YP.Lam | PyTorch 多显卡推理与问题排查

PyTorch 多显卡推理与问题排查

本文记录双 RTX4080 显卡运行 Yi-34B-Chat-4bits 模型过程与排错。

基于 Ubuntu Server 20.04.6 LTS,并具有基础的科学上网条件。

由于 CUDA 已绑定对应显卡驱动,因此直接到官网按提示下载安装即可,譬如我选择安装 12.1 版本:

https://developer.nvidia.com/cuda-12-1-0-download-archive

wget https://developer.download.nvidia.com/compute/cuda/repos/ubuntu2004/x86_64/cuda-ubuntu2004.pin
sudo mv cuda-ubuntu2004.pin /etc/apt/preferences.d/cuda-repository-pin-600
wget https://developer.download.nvidia.com/compute/cuda/12.1.0/local_installers/cuda-repo-ubuntu2004-12-1-local_12.1.0-530.30.02-1_amd64.deb
sudo dpkg -i cuda-repo-ubuntu2004-12-1-local_12.1.0-530.30.02-1_amd64.deb
sudo cp /var/cuda-repo-ubuntu2004-12-1-local/cuda-*-keyring.gpg /usr/share/keyrings/
sudo apt-get update
sudo apt-get -y install cuda

安装 Docker

for pkg in docker.io docker-doc docker-compose docker-compose-v2 podman-docker containerd runc; do sudo apt-get remove $pkg; done

# Add Docker's official GPG key:
sudo apt-get update
sudo apt-get install ca-certificates curl gnupg
sudo install -m 0755 -d /etc/apt/keyrings
curl -fsSL https://download.docker.com/linux/ubuntu/gpg | sudo gpg --dearmor -o /etc/apt/keyrings/docker.gpg
sudo chmod a+r /etc/apt/keyrings/docker.gpg

# Add the repository to Apt sources:
echo \
  "deb [arch=$(dpkg --print-architecture) signed-by=/etc/apt/keyrings/docker.gpg] https://download.docker.com/linux/ubuntu \
  $(. /etc/os-release && echo "$VERSION_CODENAME") stable" | \
  sudo tee /etc/apt/sources.list.d/docker.list > /dev/null
sudo apt-get update

sudo apt-get install docker-ce docker-ce-cli containerd.io docker-buildx-plugin docker-compose-plugin

如果上面有出错信息,则大概率是访问 docker 服务器间的网络不顺畅。

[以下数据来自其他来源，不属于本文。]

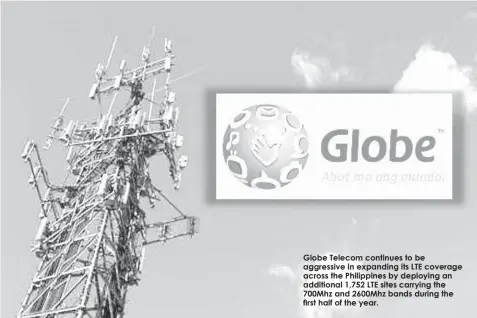  ??  ?? Globe Telecom continues to be aggressive in expanding its LTE coverage across the Philippine­s by deploying an additional 1,752 LTE sites carrying the 700Mhz and 2600Mhz bands during the first half of the year.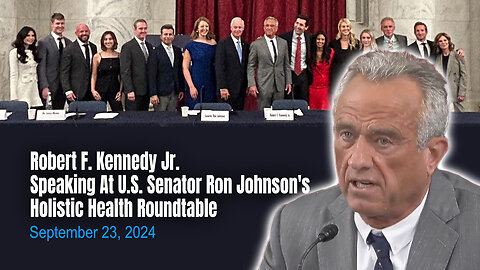 Robert F. Kennedy Jr. Speaking At U.S. Senator Ron Johnson's Holistic Health Roundtable (09/23/24)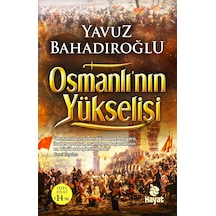 Osmanlı'nın Yükselişi  - Yavuz Bahadıroğlu  - Hayat Yayıncılık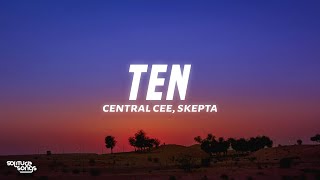 Central Cee - Ten (Lyrics) ft. Skepta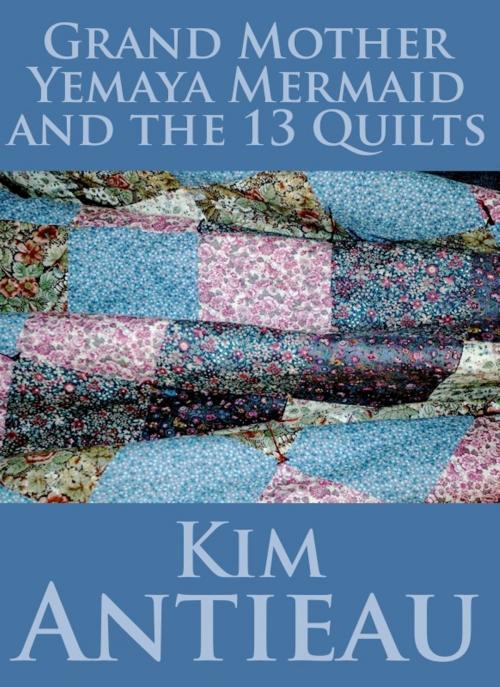 Cover of the book Grand Mother Yemaya Mermaid & the 13 Quilts by Kim Antieau, Green Snake Publishing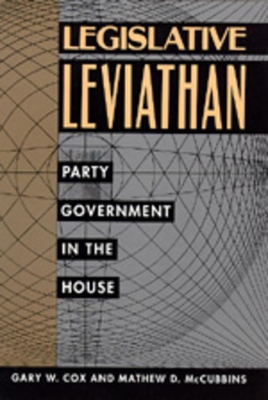 Legislative Leviathan by Gary W. Cox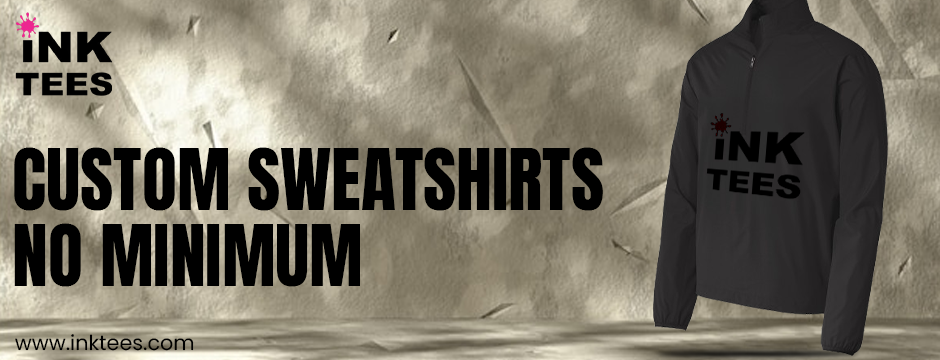 Custom sweatshirts no minimum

。。

安装 NVIDIA Container Toolkit

curl -fsSL https://nvidia.github.io/libnvidia-container/gpgkey | sudo gpg --dearmor -o /usr/share/keyrings/nvidia-container-toolkit-keyring.gpg \
  && curl -s -L https://nvidia.github.io/libnvidia-container/stable/deb/nvidia-container-toolkit.list | \
    sed 's#deb https://#deb [signed-by=/usr/share/keyrings/nvidia-container-toolkit-keyring.gpg] https://#g' | \
    sudo tee /etc/apt/sources.list.d/nvidia-container-toolkit.list \
  && \
    sudo apt-get update

sudo apt-get install -y nvidia-container-toolkit
sudo nvidia-ctk runtime configure --runtime=docker
sudo systemctl restart docker

Dockerfile 与 compose.yaml

此 Dockerfile 同时加入 chatglm-cpp 的支持(貌似默认无法支持多卡,需要修改代码?)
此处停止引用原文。